We stood by our cars in the three-minute-only passenger drop off que at the Horseshoe Bay Ferry Terminal. I watched my two sons and their friend walk toward the ticket booth as they headed onto the ferry to meet their father in Nanaimo.  The tall man with a thick shock of salt and pepper hair beside me said his children would appear any moment. They'd traveled from Nanaimo to join him for the Steve Nash Game.

It's funny how when you aren't a sports fan, you don't have a clue about what sports fans cherish.  This sports fan had a great deal of sympathy for me, though.  "I know how you feel," he said, as the children walked away.  "They're good kids," he said. 

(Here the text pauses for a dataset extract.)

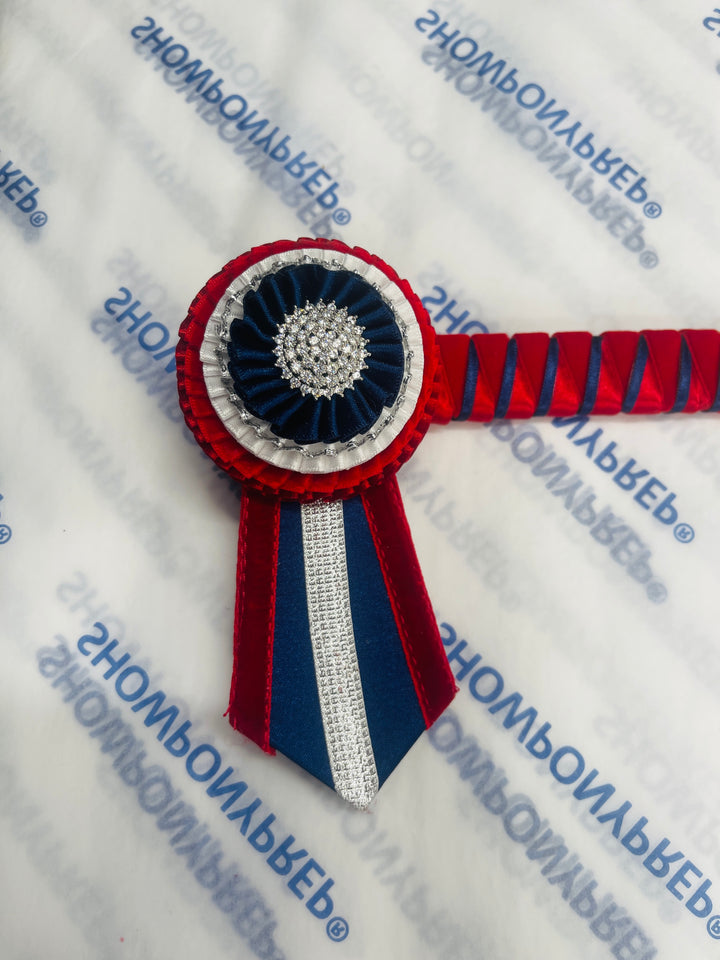 16"  Red, White and Navy Browband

You could tell that they were.  They stuck together.  They looked back and waved.  And they'd both given me big hugs before leaving.

But I couldn't understand him, not in the same way.  His heart was with his kids, even as it was passionately yearning for Canada Place.  For Steve.

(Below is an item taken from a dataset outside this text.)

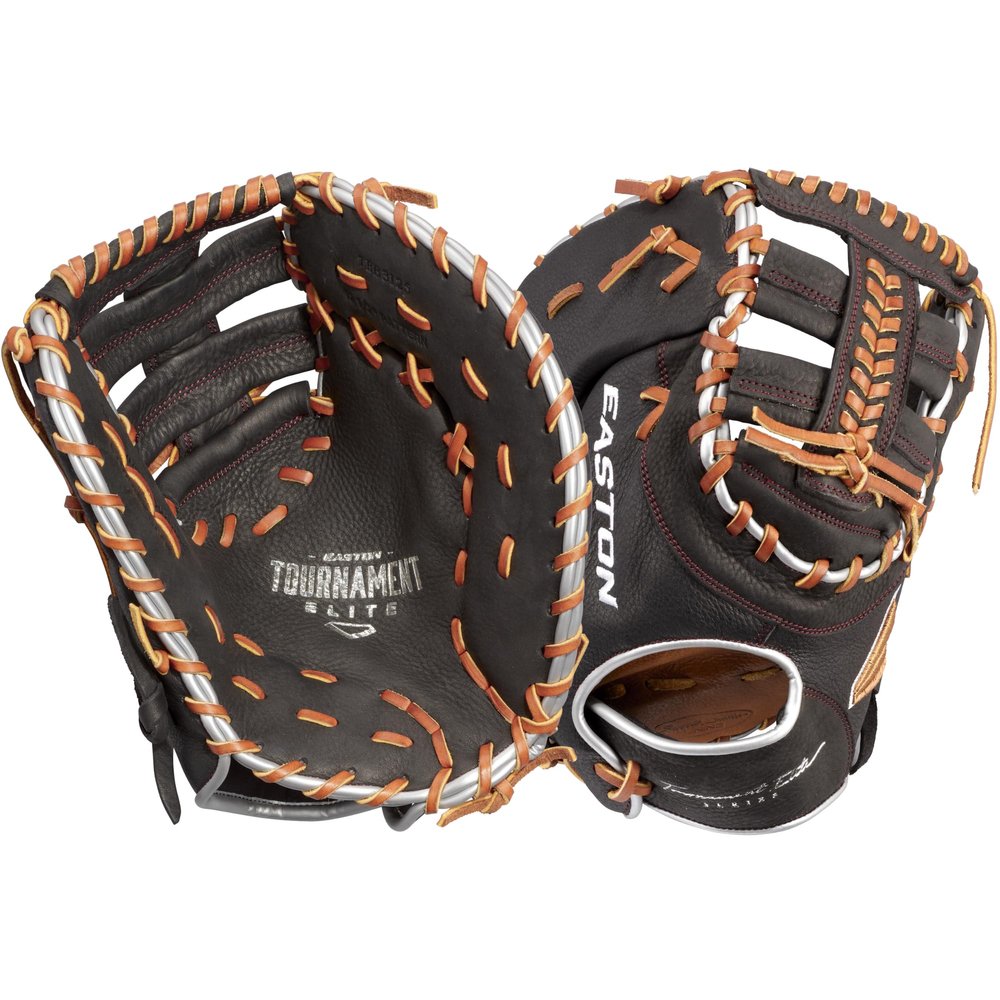 Easton | TOURNAMENT ELITE Baseball First Base Mitt | 12.5" | Single Post Double Bar Web | Left Hand Throw | Black/Tan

"I want to see Steve Nash," he said, emphatically.  "No amount of traffic can keep me away."

A love affair with a Canadian basketball hero, I thought, making a mental note in my brain and opening a new file under things I already should have known (but didn't) about Canada: "Steve Nash."

When I went home, I would look Steve up on Wikipedia, and here's what I'd find: He was born in Johannesburg, South Africa to a Welsh mother and an English father on 7 February, 1974. His family moved to Regina, Saskatchewan, when he was 18 months old, then to Vancouver, before finally settling in Victoria, British Columbia.   Although Nash played soccer and ice hockey, he did not start playing basketball until he was 12 or 13. 

 In eighth grade, Steve apparently told his mother that one day he would play in the NBA and become a star.

My eighth grader disappeared into the crowd as he entered the ferry terminal, his little brother following closely behind.

I remained there  staring into the space they'd vacated as if they'd rematerialize and listened to the basektball dad talk about Steve Nash.

He was a superstar.  From Vancouver!  Deft on his feet.  Magical.

Suddenly I realized I'd gotten so involved in the Steve Nash story that I'd failed to notice I was free to go, unless I was waiting for his kids now. I wasn't, of course, so, I said good-bye and headed home, while thousands of Vancouverites headed for Steve Nash.